Selama 20 tahun lebih perang dan konflik semakin menajam. Sampai akhirnya pejuang-pejuang suku Xhosa terlibat perang terbuka dengan orang-orang kulit putih. Pada 1811-1812, suku Xhosa terdesak semakin ke timur oleh pasukan kolonial Inggris dalam perang Third Frontier War.
Lantas di tahun berikutnya, suku Xhosa juga terlibat konflik antar suku Afrika dan terdesak ke barat dalam ekspansi suku Zulu (yang juga membenci orang-orang kulit putih). Akibatnya kehidupan suku Xhosa sangat terjepit. Di satu sisi oleh sesama orang kulit hitam, di sisi lain oleh orang-orang kolonial Eropa.
Kekalahan demi kekalahan dalam pertempuran tombak melawan bedil membuat mereka semakin sengsara.

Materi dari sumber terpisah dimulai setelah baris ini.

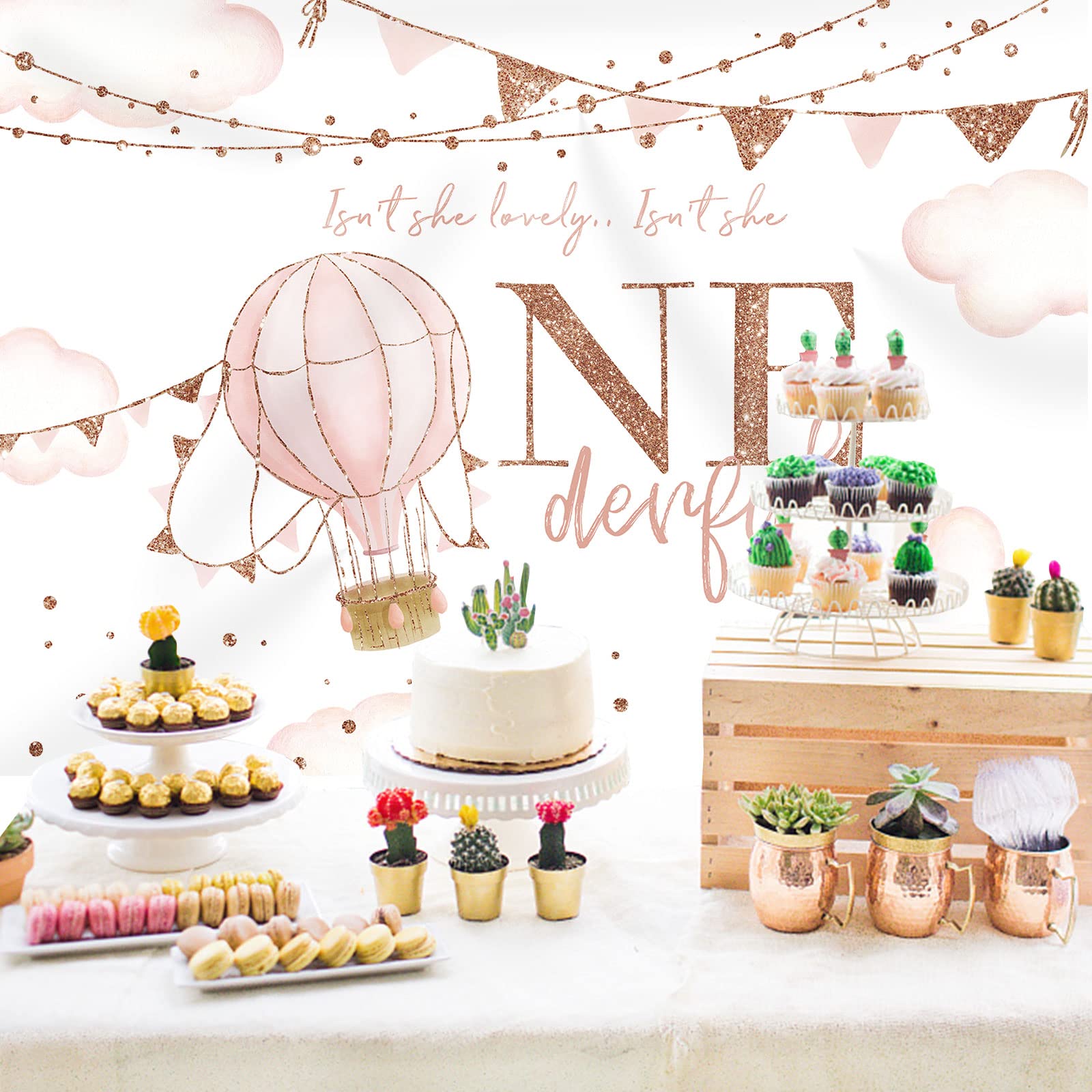 Fotohintergrund Zum 1. Geburtstag – „Isn‘t She Lovely“ 2,1x1,5 M, Rosa, Aus Polyester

Wabah meluas dan ternak semakin kurus, hasil panen tak mencukupi. Kelaparan pun mengancam. Apalagi dengan munculnya gerakan pembataian hewan ternak tahun 1856 (cattle-killing movement) akibat kepercayaan buta pada ramalan Nongqause seorang gadis belia.
Peristiwa itu nyaris memusnahkan suku dominan kedua terbesar di Afrika Selatan tersebut. Bencana kelaparan dan praktik kanibalisme itu menjadi catatan paling kelam dalam sejarah Afrika Selatan!
Sejak itu Xhosa berupaya bangkit dari keterpurukan. Namun masalah perbudakan dan politik kulit putih membuat mereka menjadi bansga yang tertindas. Hingga kini konflik masih terjadi suku Xhosa masih terlibat konflik politik dengan suku Zulu!